Czuł kujący ból w prawej ręce. Dziwne. Nie powinien go odczuwać. W końcu jej nie miał. Co dzień nawiedzało go to urojenie. Co dzień przestawało gdy uświadamiał sobie, że metal nie jest w stanie nic czuć. Że jest to nie możliwe. Za każdym razem.
Ragnar usiadł na swym łóżku i podrapał się po swej gęstej, rudej brodzie spoglądając na żelazną protezę widniejącą mu zamiast prawicy. Ciągle miał nadzieję, że po przebudzeniu ujrzy swą naturalną dłoń. Że był to tylko zły sen, który właśnie dobiegł końca. Że wszystko znów jest normalne... Nie było. Metalowa kończyna zwisała bezwiednie ku ziemi, ciężkie płyty przymocowane nitami do obojczyka wdzierały mu się w skórę, a małe, błękitne strumyki żelaza wpływały mu w żyły.

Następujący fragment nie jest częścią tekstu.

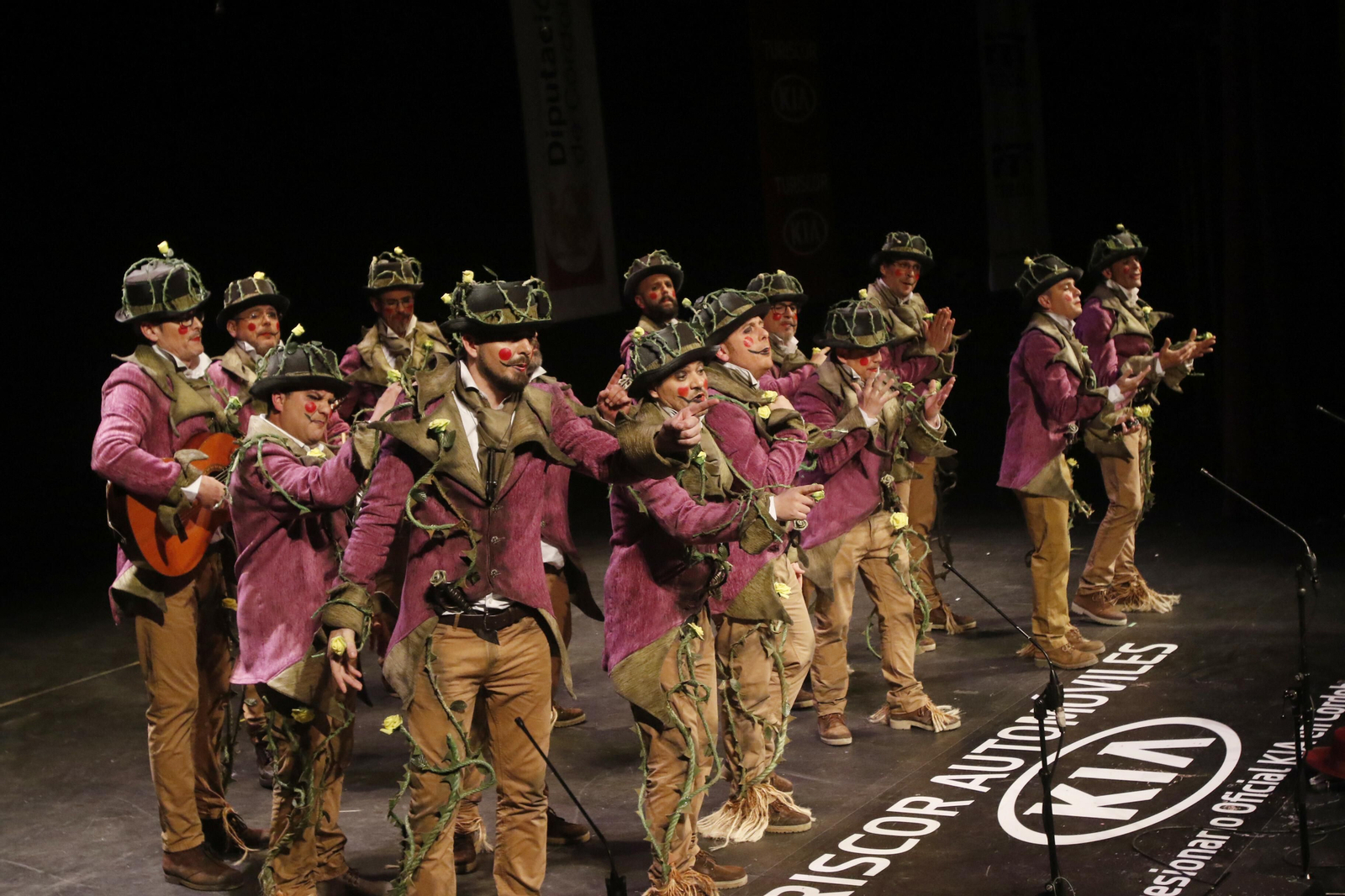 Las fotos de la quinta preliminar del Concurso del Carnaval de Córdoba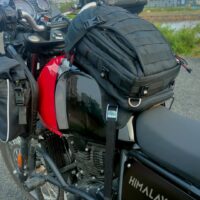 Motorcycle Tank Bag With Hydration Pack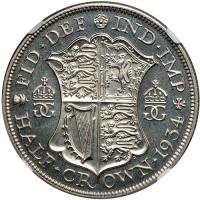 Great Britain. Proof Halfcrown, 1934. NGC PF66 - 2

Poruszył palcami po czym podniósł dłoń na wysokość oczu patrząc się tępo na tą parodię krasnoludzkiego ciała. Westchnął ciężko i ruszył do stolika napić się trochę piwa które stało w dzbanku. Spojrzał przez okno. Świt dopiero co wstawał, ludzie jeszcze w większości nie myśleli by budzić się ze snu, jeno nieliczni krzątali się po ulicach.
Po porannej toalecie i zjedzonym obfitym śniadaniu przyodział swą zbroję i uniform. Nie lubił opuszczać domu bez owej ochrony. Nie dość, że czuł się bezpiecznie, wszak chronić go miała przed ranami śmiertelnymi, to jeszcze chroniła go przed ciekawskimi spojrzeniami ludzi i elfów. Pancerz nie lichej roboty idealnie maskował ułomność brodacza ściśle przylegając do mechanicznego ramienia i stapiając wizualnie w jedną całość. Pochwycił Smokobójcę i wychodząc zamknął drzwi na klucz. Mieszkał sam, żył sam i jak sądził umrze też w samotności.

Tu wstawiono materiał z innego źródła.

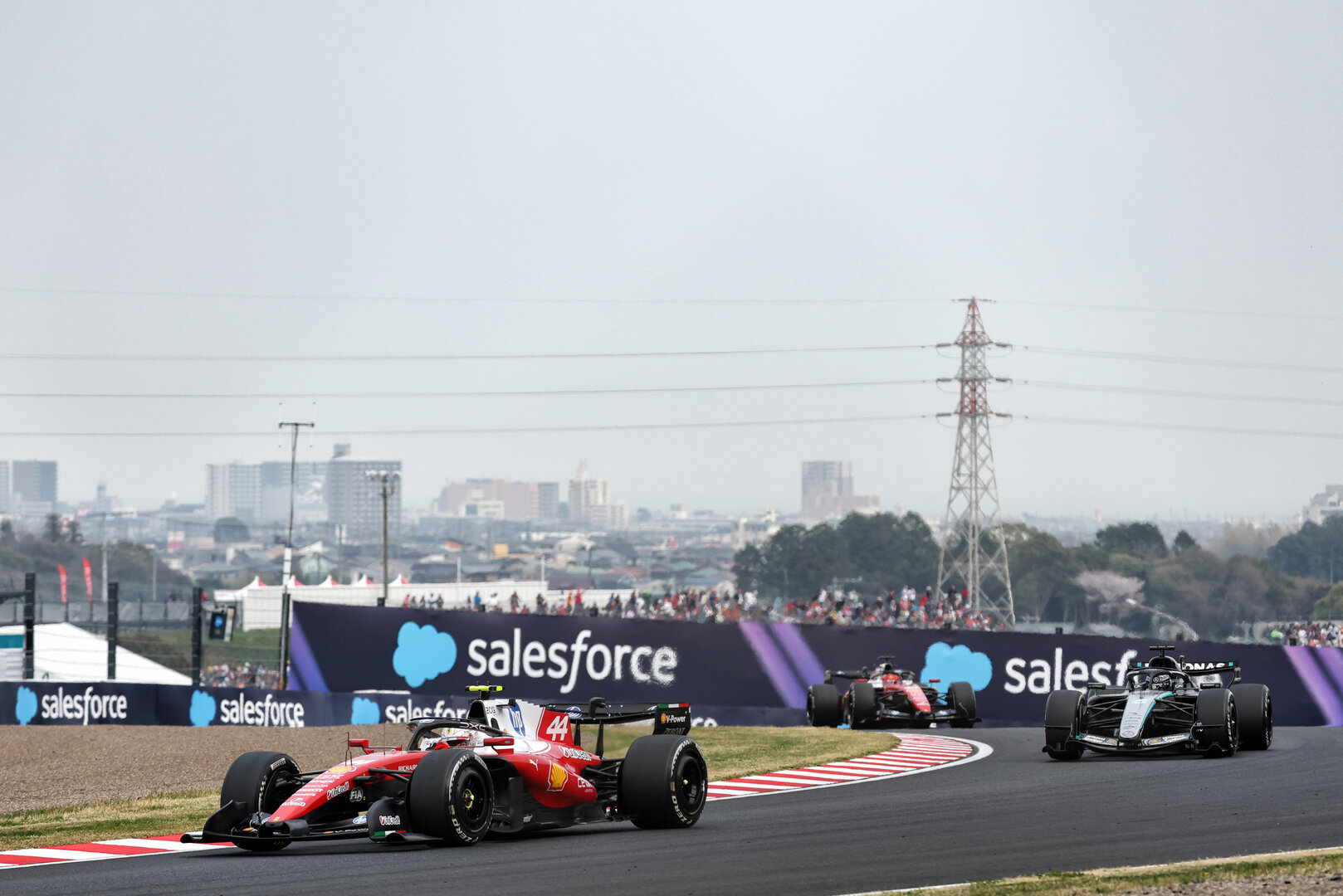 GP GIAPPONE, Lewis Hamilton (GBR) Ferrari SF-26.
29.03.2026. Formula 1 World Championship, Rd 3, Japanese Grand Prix, Suzuka, Japan, Gara Day.
- www.xpbimages.com, EMail: requests@xpbimages.com © Copyright: Bearne / XPB Images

Do pałacu nie miał dalekiej drogi. W sam raz by rozruszać zaspane jeszcze kości i obudzić swe mięśnie. Przechadzając się jeszcze nie zatłoczonymi uliczkami mógłby podziwiać nie tuzinkową urodę architektury miasta jak i przepiękny pałac widoczny na horyzoncie. Kiedyś to go nawet cieszyło.

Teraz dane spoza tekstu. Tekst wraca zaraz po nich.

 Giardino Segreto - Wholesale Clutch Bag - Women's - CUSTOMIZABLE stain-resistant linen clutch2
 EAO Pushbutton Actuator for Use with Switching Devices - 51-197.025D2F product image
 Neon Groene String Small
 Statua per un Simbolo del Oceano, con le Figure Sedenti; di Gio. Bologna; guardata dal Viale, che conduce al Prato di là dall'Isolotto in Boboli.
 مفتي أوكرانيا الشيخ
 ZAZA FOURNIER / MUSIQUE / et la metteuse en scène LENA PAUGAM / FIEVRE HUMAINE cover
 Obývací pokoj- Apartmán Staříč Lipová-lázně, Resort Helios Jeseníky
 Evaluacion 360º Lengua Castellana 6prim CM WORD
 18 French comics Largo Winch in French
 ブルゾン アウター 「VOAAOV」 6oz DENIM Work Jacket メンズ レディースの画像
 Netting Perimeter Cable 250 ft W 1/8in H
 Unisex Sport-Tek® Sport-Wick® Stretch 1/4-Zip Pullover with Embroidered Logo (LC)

Nim dotarł do pałacu zauważył coś co go zaciekawiło i z lekka zaniepokoiło. Mężczyzna w berecie już od dłuższego czasu szedł za nim, ewidentnie go śledząc. Już postanowił się odwrócić i skonfrontować się z nim twarzą w twarz gdy nagle w coś uderzył. Z powodu swego nie przyzwyczajenia do nowej masy i przemieszczonego środka ciężkości, małe zachwianie równowagi zakończyło się upadkiem na tyłek.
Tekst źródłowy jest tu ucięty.